[BUG]docker cannot found cuda-toolkit

OS

Windows

GPU Library

CUDA 12.x

Python version

3.10

Describe the bug

~/tabbyAPI# docker run --gpus all 3fd2b9e9cf8fd03dc3601a7e1712611006e507a852e160933cda81f0f37a0036 (docker image:ghcr.io/theroyallab/tabbyapi:latest)
/usr/local/lib/python3.10/dist-packages/torch/cuda/__init__.py:128: UserWarning: CUDA initialization: Unexpected error from cudaGetDeviceCount(). Did you run some cuda functions before calling NumCudaDevices() that might have already set an error?
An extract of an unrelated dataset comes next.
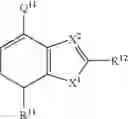 Fig. 03 - 4-substituted and 7-substituted indoles, benzofurans, benzothiophenes, benzimidazoles, benzoxazoles, and benzothiazoles and methods for making same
Error 500: named symbol not found (Triggered internally at ../c10/cuda/CUDAFunctions.cpp:108.)
  return torch._C._cuda_getDeviceCount() > 0
No CUDA runtime is found, using CUDA_HOME='/usr/local/cuda'
Traceback (most recent call last):
  File "/app/main.py", line 11, in <module>
    from common import gen_logging, sampling, model
  File "/app/common/model.py", line 19, in <module>
    from backends.exllamav2.model import ExllamaV2Container
  File "/app/backends/exllamav2/model.py", line 12, in <module>
    from exllamav2 import (
  File "/usr/local/lib/python3.10/dist-packages/exllamav2/__init__.py", line 3, in <module>
    from exllamav2.model import ExLlamaV2
  File "/usr/local/lib/python3.10/dist-packages/exllamav2/model.py", line 41, in <module>
    from exllamav2.attn import ExLlamaV2Attention, has_flash_attn, has_xformers
  File "/usr/local/lib/python3.10/dist-packages/exllamav2/attn.py", line 38, in <module>
    is_ampere_or_newer_gpu = any(torch.cuda.get_device_properties(i).major >= 8 for i in range(torch.cuda.device_count()))
  File "/usr/local/lib/python3.10/dist-packages/exllamav2/attn.py", line 38, in <genexpr>
    is_ampere_or_newer_gpu = any(torch.cuda.get_device_properties(i).major >= 8 for i in range(torch.cuda.device_count()))
  File "/usr/local/lib/python3.10/dist-packages/torch/cuda/__init__.py", line 465, in get_device_properties
    _lazy_init()  # will define _get_device_properties
  File "/usr/local/lib/python3.10/dist-packages/torch/cuda/__init__.py", line 314, in _lazy_init
    torch._C._cuda_init()
RuntimeError: Unexpected error from cudaGetDeviceCount(). Did you run some cuda functions before calling NumCudaDevices() that might have already set an error? Error 500: named symbol not found

when I input nvcc -V /bin/sh: 1: nvcc: not found This doesn't seem to be my fault, because

docker run -it --gpus all 0dd75116a8ce8e6dd3cf6db1eb249d14f07f4115a1d35aaeb29bedfe8bc383f0/bin/bash（docker image:pytorch/pytorch:2.2.0-cuda12.1-cudnn8-devel） 

==========
== CUDA ==
==========

CUDA Version 12.1.1

Container image Copyright (c) 2016-2023, NVIDIA CORPORATION & AFFILIATES. All rights reserved.

This container image and its contents are governed by the NVIDIA Deep Learning Container License.
By pulling and using the container, you accept the terms and conditions of this license:
https://developer.nvidia.com/ngc/nvidia-deep-learning-container-license

A copy of this license is made available in this container at /NGC-DL-CONTAINER-LICENSE for your convenience.

root@58d50a5fd49e:/workspace# nvcc -V
nvcc: NVIDIA (R) Cuda compiler driver
Copyright (c) 2005-2023 NVIDIA Corporation
Built on Mon_Apr__3_17:16:06_PDT_2023
Cuda compilation tools, release 12.1, V12.1.105
Build cuda_12.1.r12.1/compiler.32688072_0

Nvidia container runtime can start normally in another Docker image

Reproduction steps

git clone https://github.com/theroyallab/tabbyAPI
docker compose -f docker/docker-compose.yml up

Expected behavior

docker run on gpu model successful

Logs

No response

Additional context